When an unknown band from Manchester makes revolutionary, personalised video content, you know your brand needs to up its content game
What did you do last night?
I could tell you that I was hitting the bars and clubs of London’s West End. Or taking a stroll along the Southbank to catch something at the National Theatre.
In reality, I was sitting on my sofa registering my IKEA Family card.
After tapping in my membership number, the screen widened and a video started playing. A train rolled into a station and a cheerful man wearing glasses starting waving. “James!” he called out, welcoming me by name.
Perhaps I’m a sucker, but I smiled.
The man introduced himself: “Hi, I’m Lars. Welcome to Ålmhult.”
The small town of Ålmhult (population circa 9,000) lies in the south of Sweden and is the home of the first IKEA store, opened in 1958. The video was a walking tour of the town, hosted by Lars and made to welcome me to the retailer’s loyalty scheme.
The name thing was fun, but easy enough to tailor I suppose. (It did make me wonder how many names they had recorded in order to cover their bases.)
But there was more to come. The video had requested access to my computer’s microphone – and now I could see why. Lars took me through how to pronounce IKEA with a proper Swedish accent (“Ee-kee-yah”) and rated my effort. It was beginning to feel like one of those ‘choose your own path’ adventure books. Undoubtedly effective though, and pulled off with the kind of aplomb you would expect from design experts.
“Would you like tea or coffee?” Lars poured from the pot accordingly. “Which free gift would you like?” And on it went.
A content gimmick it may be, but a thoroughly engaging one.
And the idea is increasingly common. Manchester band Shaking Chains have released new single called Midnight Oil. The video is uniquely tailored so that it changes each time you watch it.
A clever algorithm grabs short clips from YouTube based on an ever-changing set of search terms that relate to lyrics of the song.
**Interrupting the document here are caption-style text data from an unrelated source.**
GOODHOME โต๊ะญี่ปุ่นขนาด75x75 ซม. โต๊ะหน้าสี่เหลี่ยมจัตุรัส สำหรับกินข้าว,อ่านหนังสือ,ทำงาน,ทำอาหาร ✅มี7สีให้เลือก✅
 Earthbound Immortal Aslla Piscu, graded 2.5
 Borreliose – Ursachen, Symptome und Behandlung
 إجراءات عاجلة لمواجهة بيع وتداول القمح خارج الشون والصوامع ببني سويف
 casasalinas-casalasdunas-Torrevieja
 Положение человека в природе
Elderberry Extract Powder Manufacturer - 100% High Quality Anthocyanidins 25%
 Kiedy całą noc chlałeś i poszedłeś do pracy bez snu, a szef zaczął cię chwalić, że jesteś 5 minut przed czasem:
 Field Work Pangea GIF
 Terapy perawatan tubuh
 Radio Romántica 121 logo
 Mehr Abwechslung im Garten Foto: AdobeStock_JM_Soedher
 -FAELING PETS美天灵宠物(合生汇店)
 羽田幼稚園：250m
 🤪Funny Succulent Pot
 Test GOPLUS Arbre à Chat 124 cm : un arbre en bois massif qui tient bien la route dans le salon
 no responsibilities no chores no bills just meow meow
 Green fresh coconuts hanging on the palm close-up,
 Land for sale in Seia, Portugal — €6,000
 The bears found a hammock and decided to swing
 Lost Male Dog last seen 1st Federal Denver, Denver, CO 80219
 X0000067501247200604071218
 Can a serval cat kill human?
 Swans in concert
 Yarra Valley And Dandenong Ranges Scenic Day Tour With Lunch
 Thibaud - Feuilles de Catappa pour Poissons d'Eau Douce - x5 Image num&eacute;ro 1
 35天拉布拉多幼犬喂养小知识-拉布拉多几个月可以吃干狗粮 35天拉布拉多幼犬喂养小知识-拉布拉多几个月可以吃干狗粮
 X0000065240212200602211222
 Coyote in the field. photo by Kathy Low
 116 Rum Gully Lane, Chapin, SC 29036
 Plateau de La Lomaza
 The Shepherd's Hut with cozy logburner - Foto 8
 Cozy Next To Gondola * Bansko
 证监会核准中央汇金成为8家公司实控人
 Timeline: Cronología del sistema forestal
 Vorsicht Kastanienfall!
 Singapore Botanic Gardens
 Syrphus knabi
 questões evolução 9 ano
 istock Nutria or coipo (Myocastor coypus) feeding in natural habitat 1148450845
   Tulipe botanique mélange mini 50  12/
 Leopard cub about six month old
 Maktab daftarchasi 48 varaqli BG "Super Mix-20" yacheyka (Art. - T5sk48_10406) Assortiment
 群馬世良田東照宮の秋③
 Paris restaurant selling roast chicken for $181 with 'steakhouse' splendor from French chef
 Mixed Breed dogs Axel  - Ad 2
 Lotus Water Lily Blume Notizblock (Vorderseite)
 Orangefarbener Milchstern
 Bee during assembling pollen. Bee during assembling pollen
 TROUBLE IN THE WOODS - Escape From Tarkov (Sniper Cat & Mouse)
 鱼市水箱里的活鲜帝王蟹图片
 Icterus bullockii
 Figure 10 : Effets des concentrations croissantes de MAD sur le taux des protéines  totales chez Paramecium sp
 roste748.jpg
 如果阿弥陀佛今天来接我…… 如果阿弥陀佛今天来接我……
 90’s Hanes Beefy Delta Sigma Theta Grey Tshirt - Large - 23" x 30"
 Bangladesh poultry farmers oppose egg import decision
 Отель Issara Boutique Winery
The first time I watched it, the video threw up a dog in a bear costume, fashion models falling over on the runway, CCTV footage, wrestling video games and hanging cow carcasses.
The second time, there was indeed a different set of bizarre clips – the same rattling rockabilly song playing all the while. You can have a go yourself here.
How can content marketers get on board?
Totally unique content is a tough trick to pull off. But the rewards are there. Both of these videos have nailed the wonder factor that personalised content can deliver.
In the case of the music video, machine learning is now being introduced so that the video will start to produce its own search terms – and therefore new video clips.
For content marketers, the challenge is to find a way of making videos for clients that is both unique and engaging. Automation and location-specific content is already widespread, but not to the extent of being individual – can it go further?
There are plenty of analytics available to inform you of the demographics, likes and dislikes of your audience – how can you leverage such insight for your content? Targeted and programmatic ads are now the norm (e.g. search for vacuum cleaners on Google and up pop Hoover ads next time you’re on Facebook) – turning that insight into tailored content can be the next step.
You might expect the marketing heft of IKEA to come up with inspired content. But if a new band outthinks the world’s marketing brains – and gets me off my sofa – you know the gauntlet’s been thrown down.